The scale of platform extraction from traders is not theoretical. China's listed e-commerce companies publish annual reports. Some of the largest report revenue of RMB 10 billion in a single year — and post a net profit of just RMB 50 million. That is a net margin of 0.5 percent on 10 billion in sales. The line that explains it: platform marketing fees as high as RMB 1.4 billion. Fourteen percent of total revenue, paid directly to the platform before a single yuan reaches the bottom line. That figure does not include affiliate commissions, logistics costs, or returns. Just the platform's marketing toll.

These are not small operations run by first-time entrepreneurs. These are listed companies with professional management, economies of scale, and sophisticated operations — and they are handing 14 percent of revenue back to the platform just to remain visible. If that is the reality at scale in a mature market, the Malaysian trader running a TikTok Shop with a 50 percent gross margin should understand exactly what kind of future they are building toward.

The second regulation targets low-price competition. For years, the dominant strategy in Chinese e-commerce — most aggressively executed by Pinduoduo — was to sell below cost, use capital to sustain losses, and drive competitors out of the market through price destruction. Chinese regulators have moved to outlaw this. Selling below cost as a deliberate competitive strategy is being restricted, and platforms that facilitate or incentivise it face penalties.

This matters for Malaysian resellers because the entire free collab, race-to-the-bottom model depends on price being the primary competitive variable. If you have no brand, no differentiation, and no marketing budget, the only lever you have is price. The market structure that made that viable — where capital could be used to subsidise losses indefinitely — is being dismantled at the source. When the same regulatory pressure reaches Southeast Asia, and it will, resellers who have spent years competing on price alone will have nothing left to compete on.

China is not regulating its e-commerce market because the model worked too well. It is regulating it because the model extracted value from sellers, creators, and consumers — and concentrated it in platforms — until the damage became impossible to ignore. Malaysia is watching the same film, a few years behind.

The honest answer

I am not saying this to dismiss every reseller or small seller in Malaysia. There are resellers who transition into real brand owners — who develop proprietary products, build genuine audiences, and invest in their own growth. That journey is real and I respect it.

What I am saying is that the TikTok affiliate model gave a lot of people a false picture of what building a business actually costs. It created the impression that marketing is free, that content is free, that brand building is free — because the platform needed sellers to believe that in order to grow its own marketplace.

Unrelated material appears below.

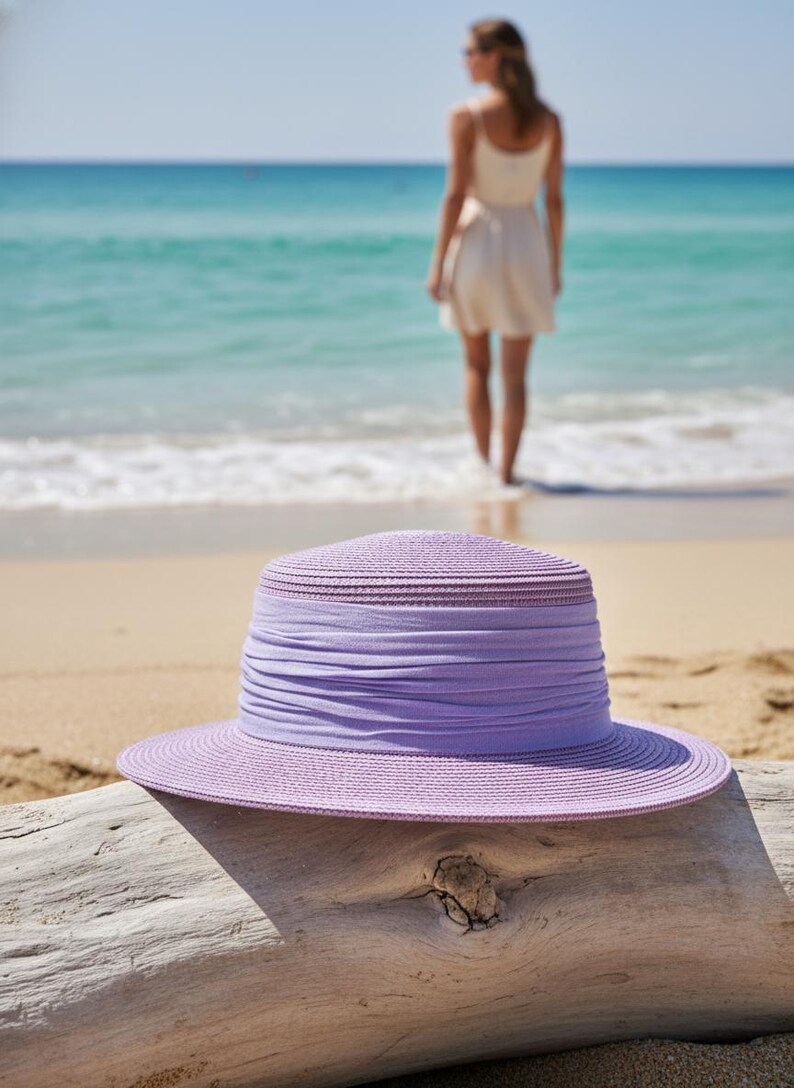 May include: A lilac sun hat with a wide brim and a fabric band rests on driftwood on a sandy beach. The hat is in focus, with the sea and a person in the background.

When I receive a free collaboration request today, I do not see an entrepreneur. I see someone who was sold a version of commerce that was never designed to make them wealthy — only to make the platform more valuable. They are working hard. They are genuinely trying. And most of them are generating more revenue for TikTok than they will ever keep for themselves.

If you are a seller asking creators and agencies for free work, here is my honest advice: stop. Not because it is rude, though it is. Stop because it tells you something important about your business — that the model you are running cannot support the costs that every real business has to pay. That is the conversation worth having. Not with a creator's inbox, but with yourself.

And if you are genuinely serious about building something — start with the margin. If the margin cannot support a marketing budget, the product pricing is wrong, the sourcing is wrong, or the category is wrong. Fix that first. Everything else comes after.

CQ
Chin Qi Yong
CEO, IMA AI
Chin Qi Yong is the CEO of IMA AI. IMAAI-CA runs creative production, TikTok Live commerce, and shop management for brands in Malaysia. IMA AI is building the infrastructure layer for agent-era commerce.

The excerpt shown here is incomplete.